*Provided records*:
· · · ·
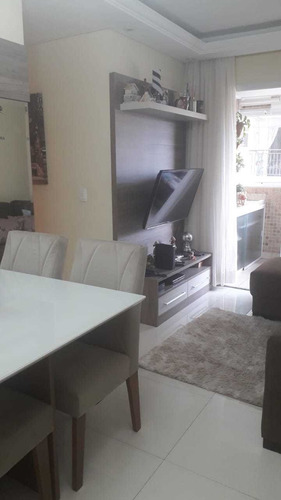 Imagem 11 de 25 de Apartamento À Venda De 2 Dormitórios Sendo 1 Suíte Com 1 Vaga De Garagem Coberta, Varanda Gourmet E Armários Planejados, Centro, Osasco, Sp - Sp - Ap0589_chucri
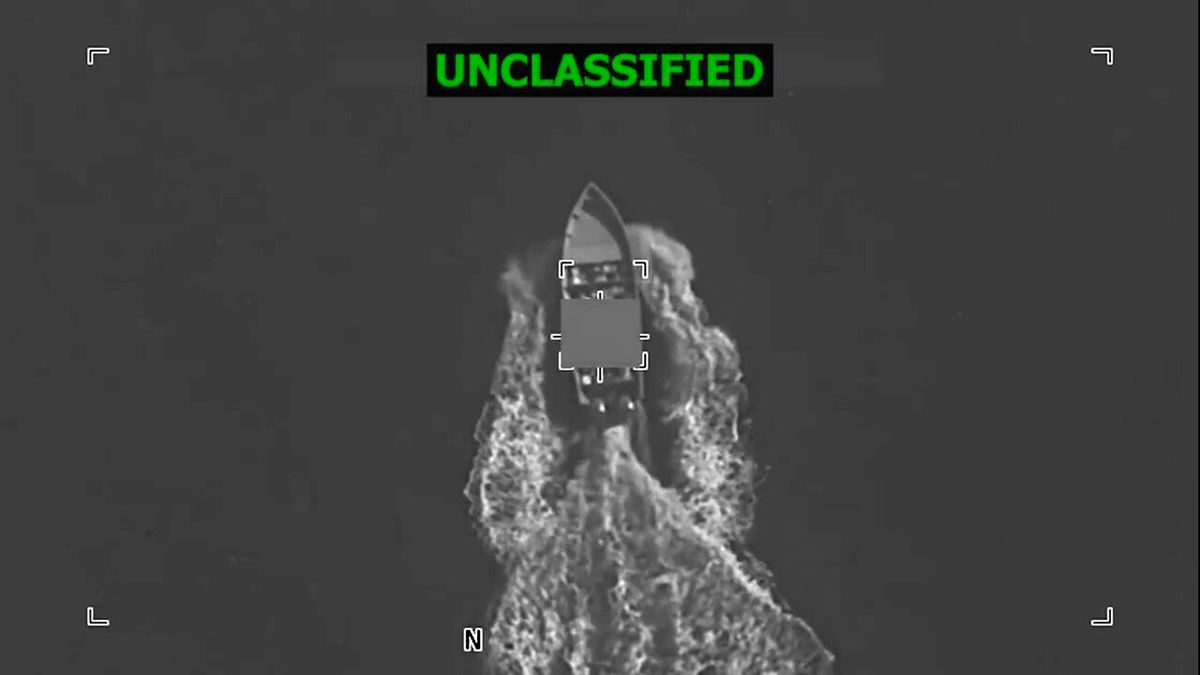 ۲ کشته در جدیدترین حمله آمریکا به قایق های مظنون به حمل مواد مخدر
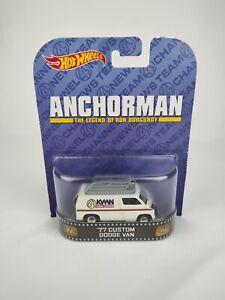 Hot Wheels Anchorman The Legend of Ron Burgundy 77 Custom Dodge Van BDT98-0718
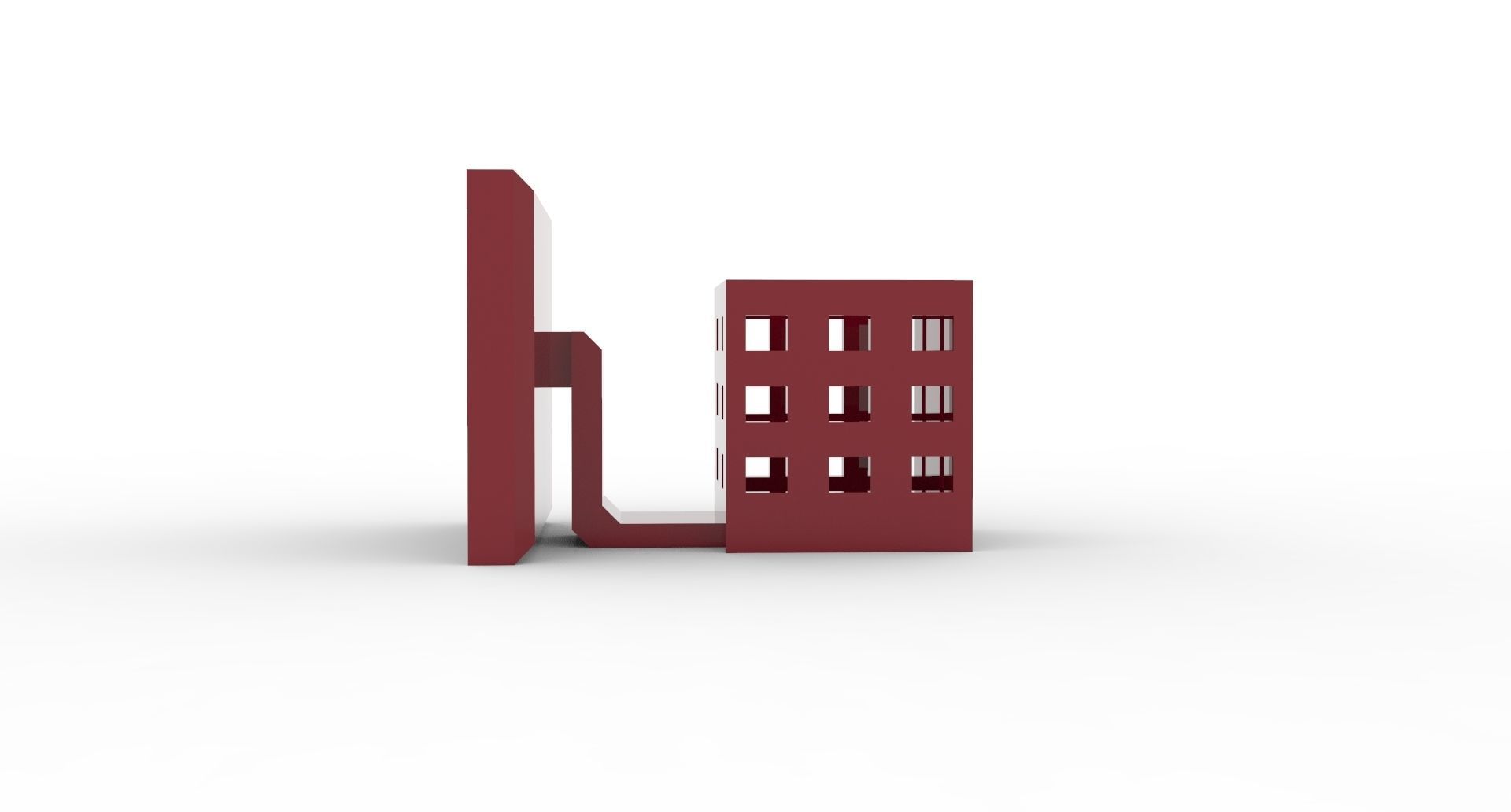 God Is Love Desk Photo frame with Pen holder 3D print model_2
· · · ·
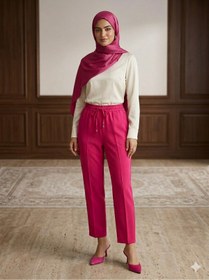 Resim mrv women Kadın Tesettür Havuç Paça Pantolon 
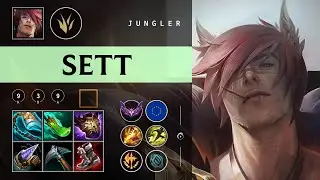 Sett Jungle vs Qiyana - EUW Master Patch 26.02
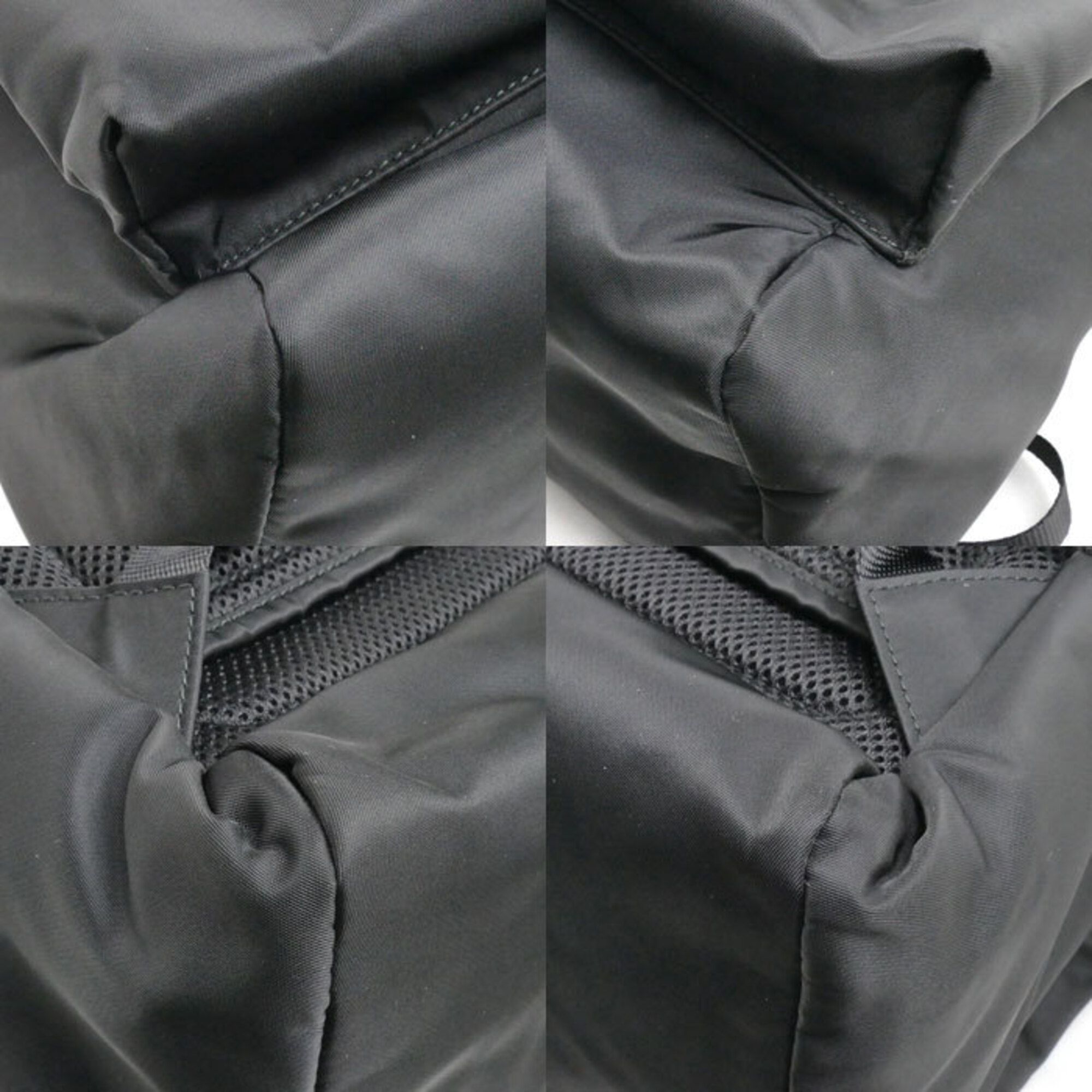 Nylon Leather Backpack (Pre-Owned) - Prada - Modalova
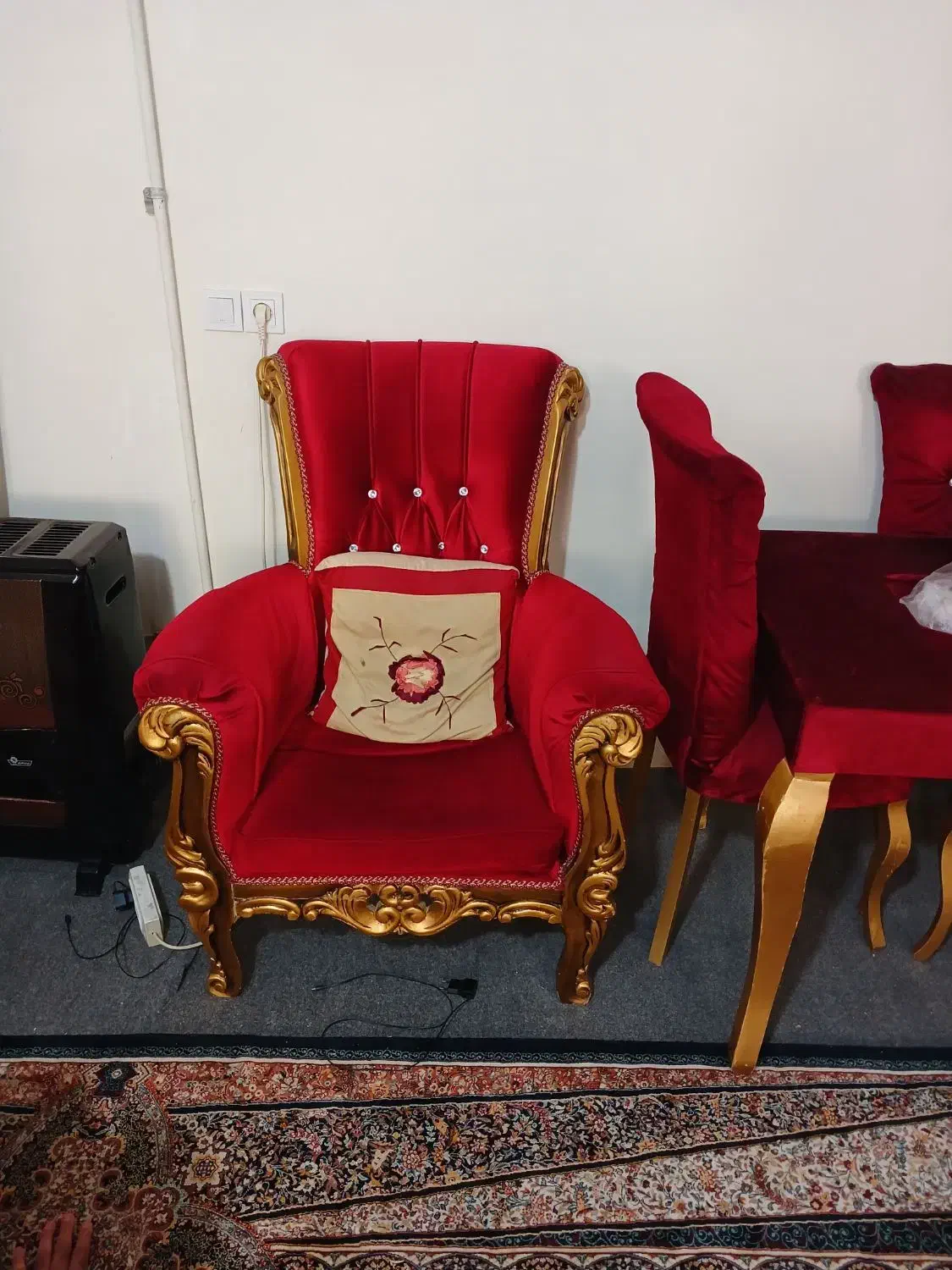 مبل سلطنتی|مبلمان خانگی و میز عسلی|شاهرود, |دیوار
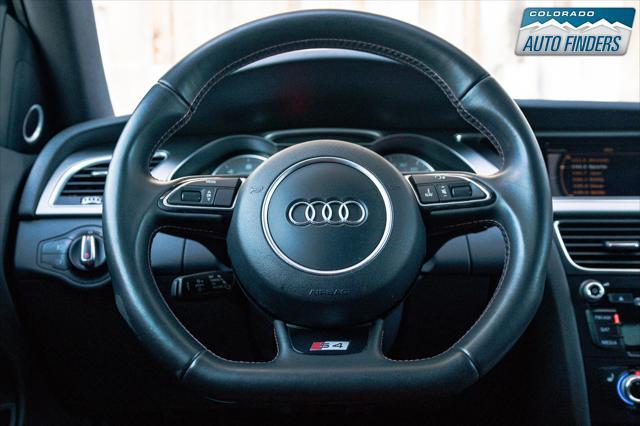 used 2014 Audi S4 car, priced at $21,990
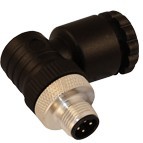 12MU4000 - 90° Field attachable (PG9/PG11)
· · · ·
*Directions for this task*:
Look above for the line with "مبل سلطنتی|مبلمان خانگی" and the line with "12MU4000 - 90° Field attachable (PG9/PG11)". Output those two and everything between them exactly, pictures excluded.

*Response box*:
 مبل سلطنتی|مبلمان خانگی و میز عسلی|شاهرود, |دیوار
 used 2014 Audi S4 car, priced at $21,990
 12MU4000 - 90° Field attachable (PG9/PG11)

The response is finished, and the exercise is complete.